2F-3 EXPLAINING THE EFFICACY OF THE BRCA GIST INTELLIGENT TUTOR FOR GENETIC TESTING AND BREAST CANCER RISK

Monday, October 20, 2014: 4:45 PM

Christopher R. Wolfe, Ph.D.1, Valerie Reyna, PhD2, Priscila G. Brust-Renck, M.A.2, Colin Widmer, M.A.1, Elizabeth Cedillos, M.A.1, Audrey M. Weil, M.A.1 and Christopher Fisher, Ph.D.1, (1)Miami University, Oxford, OH, (2)Cornell University, Ithaca, NY

Purpose: Previous experiments demonstrated the efficacy of the BRCA Gist Intelligent Tutoring System (ITS) in helping women understand and make decisions about genetic testing for breast-cancer risk. The purpose of this experiment was to understand which aspects of BRCA Gist are responsible for particular outcomes, shedding light on cognitive mechanisms.

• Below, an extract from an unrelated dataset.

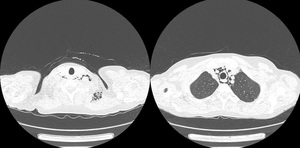 Figure from article: Different faces...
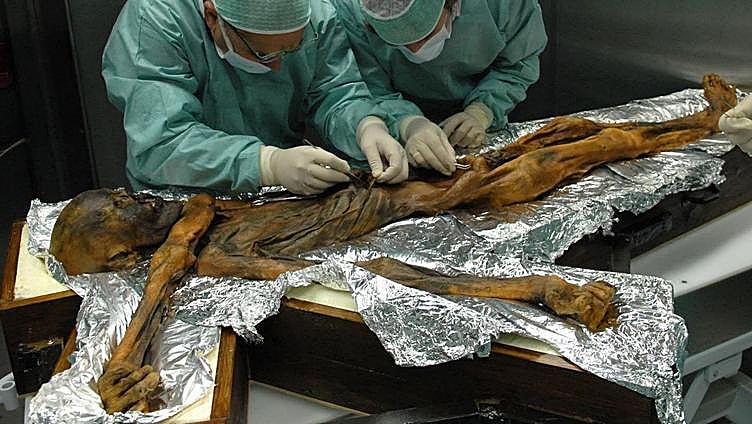 Ötzi, el hombre de hielo de los Alpes, no era tan blanco y además se le caía el pelo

Methods: BRCA Gist avatars presented information orally, in writing, and through graphics and video clips designed following Fuzzy-Trace Theory (FTT). Interactive dialogues between user and avatar addressed questions such as, "How do genes affect breast-cancer risk?" Using "expectations texts" and Latent Semantic Analysis, BRCA Gist "understands" and responds to participants' typed statements helping them form good gist explanations of five aspects of BRCA1/2 testing. Women (N=206) were randomly assigned to BRCA Gist, a control ITS, or selectively reduced versions of BRCA Gist. The No-Tutorial-Dialogues condition was the same as BRCA Gist except it omitted dialogues that guide gist explanations. The No-FTT-Images condition was the same as BRCA Gist except 10 images designed following FTT that help users form gist representations (example below) were removed.  Theory-guided images included figures that communicated base rates of genetic mutation and of breast cancer, ordinal gist of survival rates at different stages, and conditional probabilities (e.g., of breast cancer given BRCA mutation).  We assessed declarative knowledge, gist comprehension, and genetic decision-making.  Dialogues were subjected to fine-grained analyses of gist-level understanding.

Results: Participants in all BRCA Gist conditions scored significantly higher on key outcomes, demonstrating the efficacy of BRCA Gist.  BRCA Gist scored higher than both No-Tutorial Dialogues and No-FTT-Images groups on two tests of declarative knowledge. Detailed analyses indicate that removing dialogues and FTT images reduced performance on knowledge of mutations and genetic testing.  Regarding genetic testing decisions, generating explanations and FTT images increased the weight participants gave to the number of relatives with cancer, improving concordance with testing recommendations.  Generating explanations also improved genetic risk categorization.  Fine-grained content analysis of verbal responses in dialogues further explicated underlying mechanisms.

Conclusions: Evidence of BRCA Gist efficacy replicated key findings from laboratory, web, and community studies, consistent with mechanisms of FTT.  Images created using FTT principles and generating gist explanations each appears to enhance mental representations of base rates of BRCA mutations and breast cancer, recommendations for testing, and consequences of testing.